The second platitude is no better. Government is cutting back because their means have decreased. The problem is that the cuts are really hitting home for many different groups. There has been a consistent march on Olympia from the various constituencies to protect their funding.
So, which programs that serve the public should be eliminated? Or what should be cut back? What really isn’t necessary that government currently is doing? Those who think they know the answers — and clearly they are out there by all their protests — step up and tell the state what it is obviously not seeing.
The third platitude implies that government never goes after what they should. That they always leave items untouched that should be eliminated. Yet, never do the critics name what those items are that are not needed. Again, if these items are so obvious and yet the government is not seeing them, why not do one’s civic duty and provide that information?

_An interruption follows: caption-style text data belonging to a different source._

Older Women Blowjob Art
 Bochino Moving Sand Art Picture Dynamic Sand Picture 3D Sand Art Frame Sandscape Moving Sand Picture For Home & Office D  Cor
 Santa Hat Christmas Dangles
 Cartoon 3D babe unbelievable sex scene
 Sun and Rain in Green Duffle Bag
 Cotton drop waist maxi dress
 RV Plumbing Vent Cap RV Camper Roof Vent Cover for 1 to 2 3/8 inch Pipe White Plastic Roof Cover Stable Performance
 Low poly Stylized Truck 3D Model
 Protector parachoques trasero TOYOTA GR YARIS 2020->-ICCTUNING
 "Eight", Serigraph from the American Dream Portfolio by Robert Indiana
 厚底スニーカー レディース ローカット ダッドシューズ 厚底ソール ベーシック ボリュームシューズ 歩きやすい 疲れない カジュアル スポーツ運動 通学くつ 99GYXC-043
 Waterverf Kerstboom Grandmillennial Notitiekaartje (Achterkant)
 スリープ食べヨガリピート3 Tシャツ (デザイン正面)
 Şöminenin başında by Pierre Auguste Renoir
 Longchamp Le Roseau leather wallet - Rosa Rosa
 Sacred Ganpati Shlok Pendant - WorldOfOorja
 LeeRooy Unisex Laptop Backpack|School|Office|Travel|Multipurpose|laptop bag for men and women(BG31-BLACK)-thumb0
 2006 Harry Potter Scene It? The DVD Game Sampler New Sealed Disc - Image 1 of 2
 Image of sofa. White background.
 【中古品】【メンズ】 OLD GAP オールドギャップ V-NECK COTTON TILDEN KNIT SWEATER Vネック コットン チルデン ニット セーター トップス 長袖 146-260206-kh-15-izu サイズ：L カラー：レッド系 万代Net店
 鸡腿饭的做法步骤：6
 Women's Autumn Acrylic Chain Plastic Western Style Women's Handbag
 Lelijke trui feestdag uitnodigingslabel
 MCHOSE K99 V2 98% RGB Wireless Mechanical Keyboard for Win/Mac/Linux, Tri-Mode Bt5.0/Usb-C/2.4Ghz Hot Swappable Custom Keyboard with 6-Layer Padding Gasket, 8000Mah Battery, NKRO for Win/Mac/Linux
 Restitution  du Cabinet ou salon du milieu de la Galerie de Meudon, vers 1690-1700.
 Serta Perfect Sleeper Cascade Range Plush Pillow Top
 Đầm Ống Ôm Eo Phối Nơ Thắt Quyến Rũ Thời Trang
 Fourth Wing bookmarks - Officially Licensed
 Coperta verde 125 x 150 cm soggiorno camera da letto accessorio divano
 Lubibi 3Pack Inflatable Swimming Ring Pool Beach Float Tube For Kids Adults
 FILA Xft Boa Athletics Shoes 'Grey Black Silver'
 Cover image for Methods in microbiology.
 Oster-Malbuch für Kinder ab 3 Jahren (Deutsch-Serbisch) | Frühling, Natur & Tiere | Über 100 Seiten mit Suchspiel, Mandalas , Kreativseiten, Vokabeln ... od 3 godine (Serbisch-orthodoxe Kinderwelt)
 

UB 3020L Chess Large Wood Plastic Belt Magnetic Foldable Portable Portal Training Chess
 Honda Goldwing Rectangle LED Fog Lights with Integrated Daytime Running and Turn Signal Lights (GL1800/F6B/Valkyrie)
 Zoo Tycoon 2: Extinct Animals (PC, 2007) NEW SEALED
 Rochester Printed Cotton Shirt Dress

Lastly, government should stop looking at taxpayers for funding. Well, where else is the government going to get its revenue? The money to run government has to come from somewhere. One need look no further than the backlash Kitsap County experienced from the development folks when it tried to raise its Department of Community Development fees to cover expenses to see how well that went over.
Clearly, users of government services do not wish to pay the full freight. So, that means subsidies from tax revenues. Again, the money has to come from somewhere. If those who object to government collection of their money have a better idea, then they should share it.
This is not the time to be bashful and hide one’s light under the barrel. Government is hurting and needs help. It is much easier to throw brickbats and make government to be in the wrong. It is much harder to make the actual choices, let alone be held accountable for them.
Times are tough and no one is helped by people parading as paragons of frugality and efficiency. These “contributions” are not solving the problem, they are just making it worse.